BARTOW GROWERS PROCESSING CORP.
v.
FLORIDA GROWERS PROCESSING COOPERATIVE et al.
Supreme Court of Florida. Division A.
January 29, 1954. Rehearing Denied April 6, 1954.Chesterfield H. Smith, Wm. A. McRae, Jr., and Holland, Bevis & McRae, Bartow, for petitioner.
Counts Johnson, Tampa, and H.C. Crittenden, Winter Haven, for respondents.
SEBRING, Justice.
Bartow Growers Processing Corporation brought suit for an accounting, and other relief, against Florida Growers Processing Cooperative, Alcoma Association, Inc., W.H. Clark Fruit Company, Clearwater Growers Association, Domino Citrus Association, Great Southern Citrus Association, Lake Region Citrus Association and Palm Harbor Citrus Growers Association.

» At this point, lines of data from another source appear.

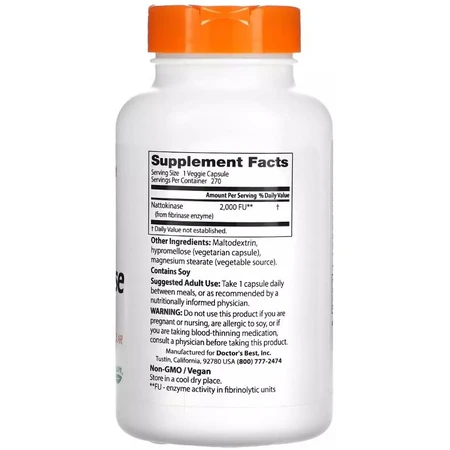 Наттокиназа, 2000 FU, Nattokinase, Doctor's Best, 270 вегетарианских капсул: цены и характеристики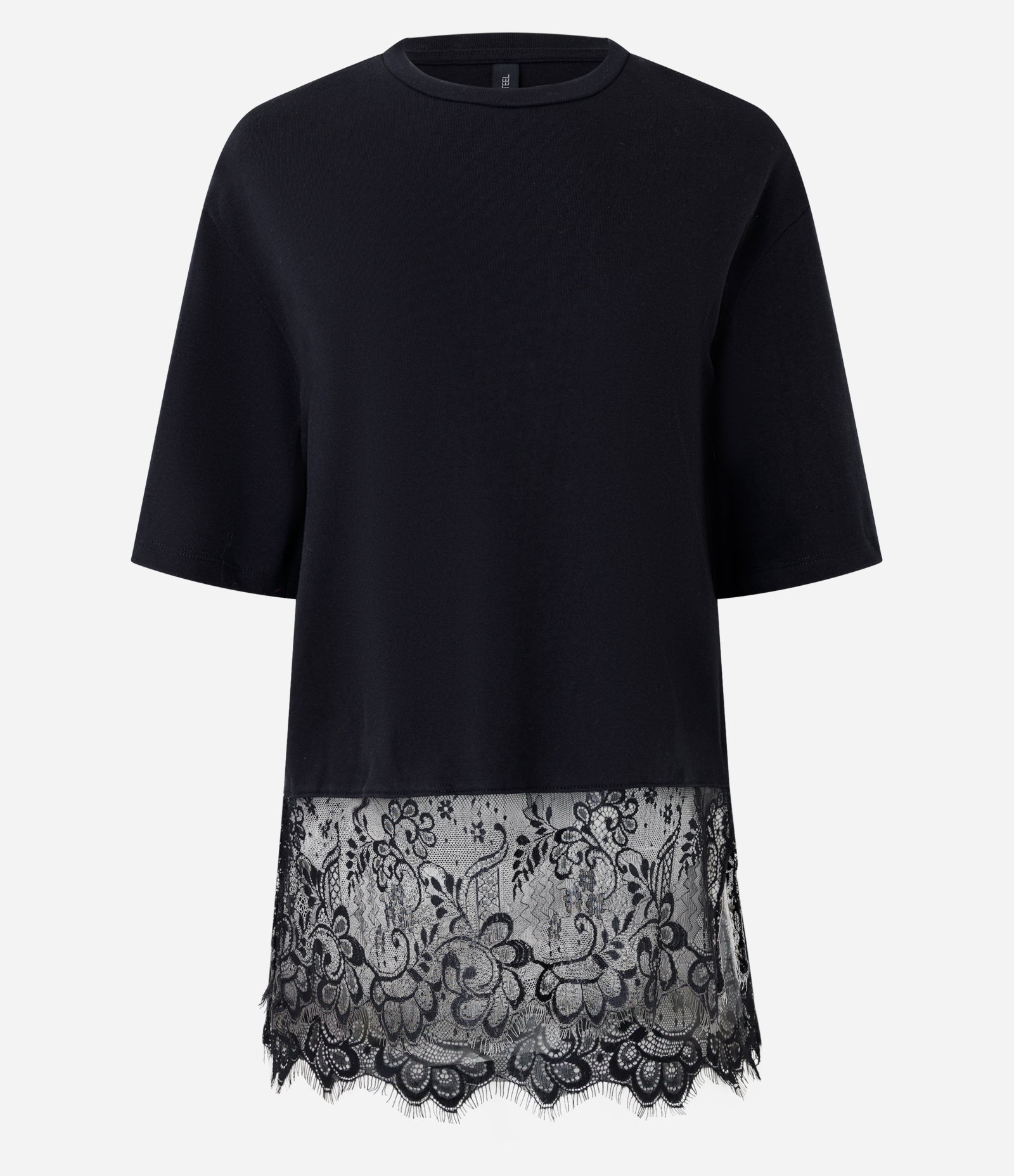 Camiseta Boxy em Algodão com Barra Rendada Preto 5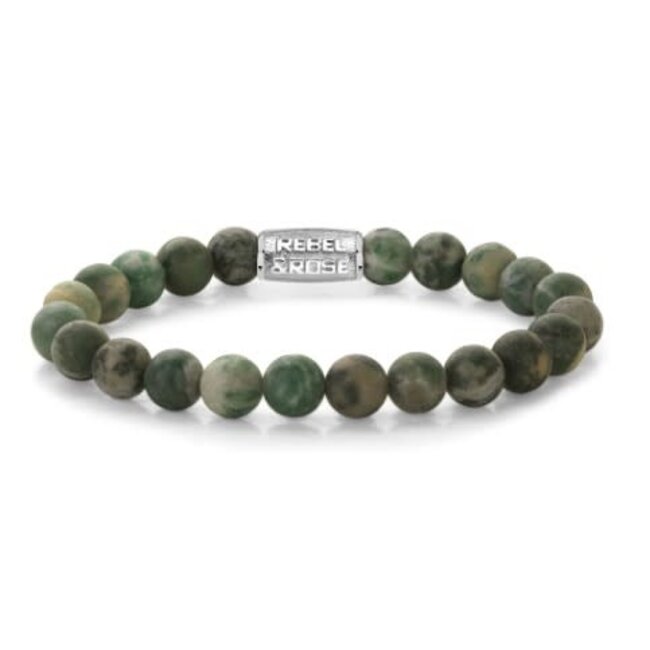 Rebel & Rose Rebel & Rose Armband RR-80125-S-M Geen Gardener 8mm Maat M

All of the defendants except the Florida Growers Processing Cooperative filed a motion to dismiss the complaint on the ground that it did not state a cause of action upon which relief could be granted as to them. The motion to dismiss was granted and the cause was dismissed as against said defendants. Subsequently, the plaintiff filed its petition for interlocutory certiorari in this Court to review the order of dismissal. The said defendants moved to dismiss the certiorari proceeding on the ground that appeal was the only method by which this Court could acquire jurisdiction to review the order of dismissal.
We find that the motion to dismiss the certiorari proceeding is well founded. The order sought to be reviewed was a final order reviewable only by appeal. In the case of Dustin v. Latzko, 155 Fla. 824, 21 So.2d 904, it was pointed out that an "order * * * dismissing bill of complaint as to certain named defendants was a final judgment as to such defendants reviewable only by appeal * * *." See also Alderman v. Puritan Dairy, 145 Fla. 292, 199 So. 44; Spivey v. Huss, 147 Fla. 527, 3 So.2d 127. While section 59.45, Florida Statutes *166 1951, F.S.A., provides that an appeal improvidently taken may "be regarded and acted on as a petition for certiorari duly presented", it does not provide that a petition for certiorari improvidently filed may be treated as a notice of appeal, where appeal is the proper remedy, and in our opinion we have no power to treat the petition for certiorari, filed in this cause as an appeal.
The motion to dismiss the certiorari proceeding should be granted.
It is so ordered.
ROBERTS, C.J., and TERRELL and MATHEWS, JJ., concur.